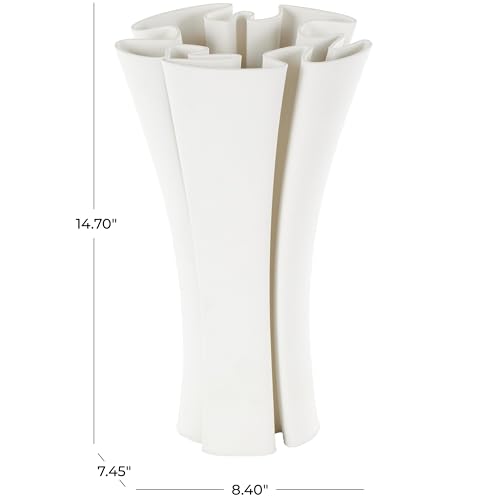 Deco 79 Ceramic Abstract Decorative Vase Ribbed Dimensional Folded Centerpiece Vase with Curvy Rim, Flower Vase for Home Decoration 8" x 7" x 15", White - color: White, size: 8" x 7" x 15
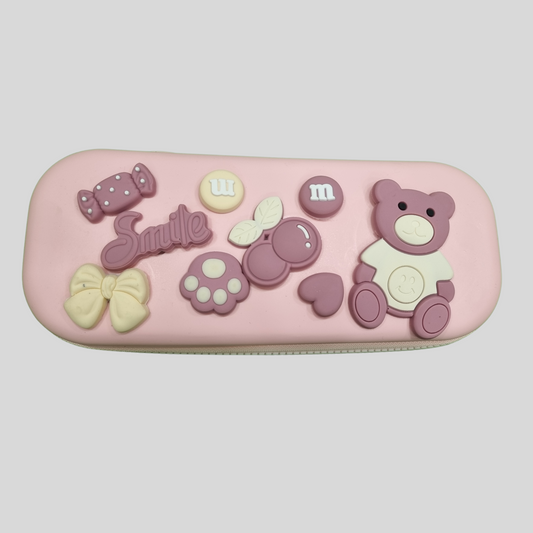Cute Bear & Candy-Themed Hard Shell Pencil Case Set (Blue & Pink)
===============
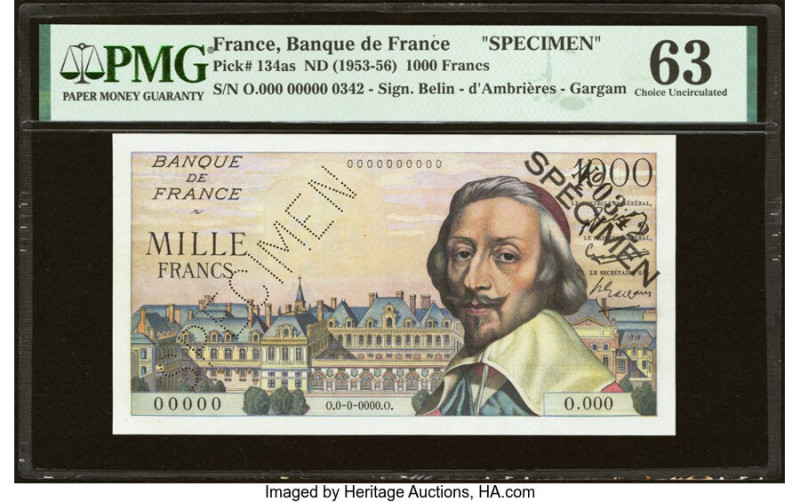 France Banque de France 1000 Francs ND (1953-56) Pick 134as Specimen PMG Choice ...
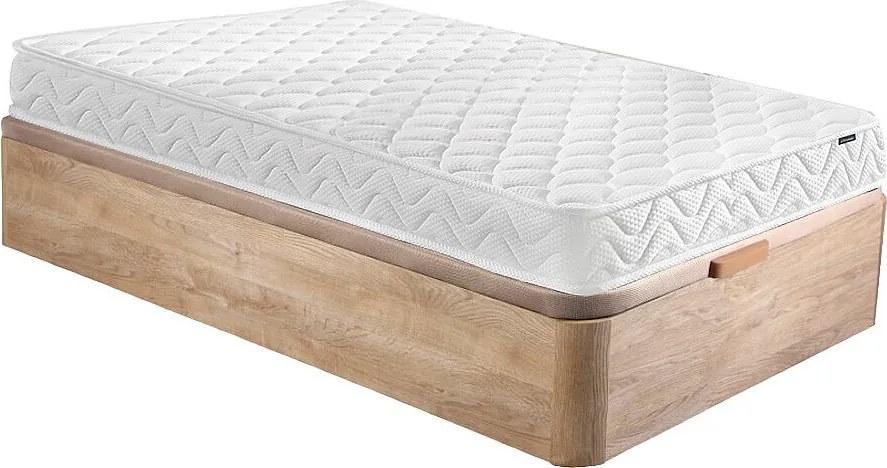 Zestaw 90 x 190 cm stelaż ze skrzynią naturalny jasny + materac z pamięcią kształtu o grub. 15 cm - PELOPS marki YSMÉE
===============
■ The task
Among the lines above, the one with "Deco 79 Ceramic" opens the part to repeat and the one with "Cute Bear &" closes it; repeat only that part exactly, with no pictures.

■ Answer area
 Deco 79 Ceramic Abstract Decorative Vase Ribbed Dimensional Folded Centerpiece Vase with Curvy Rim, Flower Vase for Home Decoration 8" x 7" x 15", White - color: White, size: 8" x 7" x 15
Cute Bear & Candy-Themed Hard Shell Pencil Case Set (Blue & Pink)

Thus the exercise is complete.